What exactly are these key stakeholders looking for?

What investors expect


Today's investors are increasingly sophisticated in their evaluation of sustainability performance. They are looking beyond traditional financial metrics to understand a company's resilience, risk management capabilities, and long-term value creation through the lens of sustainability. Transparent and robust ISSB-aligned disclosures on material sustainability related financial risks can provide investors with the reliable information they need to make informed decisions.

What customers expect


Both B2C and B2B customers are increasingly prioritizing the environmental and social impact of the products and services they acquire. For B2C customers, this translates to a direct expectation for companies to operate responsibly and transparently, influencing individual purchasing decisions and building brand loyalty. In B2B relationships, demonstrating a commitment to sustainability through credible reporting can enhance a company's reputation, build trust with business partners, and become a key factor in supply chain and procurement decisions. This is revenue at risk!

What the public expects


Beyond investors and customers, the broader public is increasingly holding companies accountable for their societal impact. Public scrutiny of corporate sustainability practices continues, driven by media attention, NGO activism, and social media.
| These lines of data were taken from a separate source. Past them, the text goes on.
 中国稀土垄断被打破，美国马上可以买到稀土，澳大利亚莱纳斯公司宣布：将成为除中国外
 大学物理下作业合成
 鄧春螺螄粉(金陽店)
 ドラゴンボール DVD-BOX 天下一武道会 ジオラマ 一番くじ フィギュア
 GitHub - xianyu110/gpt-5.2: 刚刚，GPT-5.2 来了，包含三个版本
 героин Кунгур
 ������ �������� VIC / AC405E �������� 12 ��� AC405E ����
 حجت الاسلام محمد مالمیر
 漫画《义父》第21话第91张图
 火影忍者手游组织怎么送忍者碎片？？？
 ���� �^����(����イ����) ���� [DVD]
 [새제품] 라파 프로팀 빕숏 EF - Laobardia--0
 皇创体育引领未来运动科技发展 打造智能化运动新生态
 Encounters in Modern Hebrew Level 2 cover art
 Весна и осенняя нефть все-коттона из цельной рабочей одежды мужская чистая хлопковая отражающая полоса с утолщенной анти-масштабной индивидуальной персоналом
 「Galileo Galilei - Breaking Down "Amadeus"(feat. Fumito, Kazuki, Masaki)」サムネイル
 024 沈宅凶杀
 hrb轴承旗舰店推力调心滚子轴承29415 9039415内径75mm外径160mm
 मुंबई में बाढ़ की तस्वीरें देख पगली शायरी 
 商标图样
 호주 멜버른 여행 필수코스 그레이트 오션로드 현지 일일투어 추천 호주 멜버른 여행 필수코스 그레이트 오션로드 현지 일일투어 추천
A forward-looking and comprehensive ISSB-aligned disclosure can help foster trust, mitigate reputational risks, and demonstrate a commitment to being a responsible corporate citizen.

The path forward

The emergence of ISSB-aligned regulations marks a significant shift in corporate reporting, and companies that proactively embrace this transformation, rather than simply reacting to mandates, will be the ones more likely to thrive. This approach means establishing a clear process, leveraging technology for accuracy and efficiency, and recognizing that transparency extends to all stakeholders-from investors to customers and the wider public. By viewing ISSB-aligned regulations not as a compliance burden, but as a strategic opportunity to build trust and demonstrate long-term value, organizations can build a stronger foundation for resilience and adaptability as the market continues to change.

To learn more about how Workiva can help with ISSB compliance, request a demo today.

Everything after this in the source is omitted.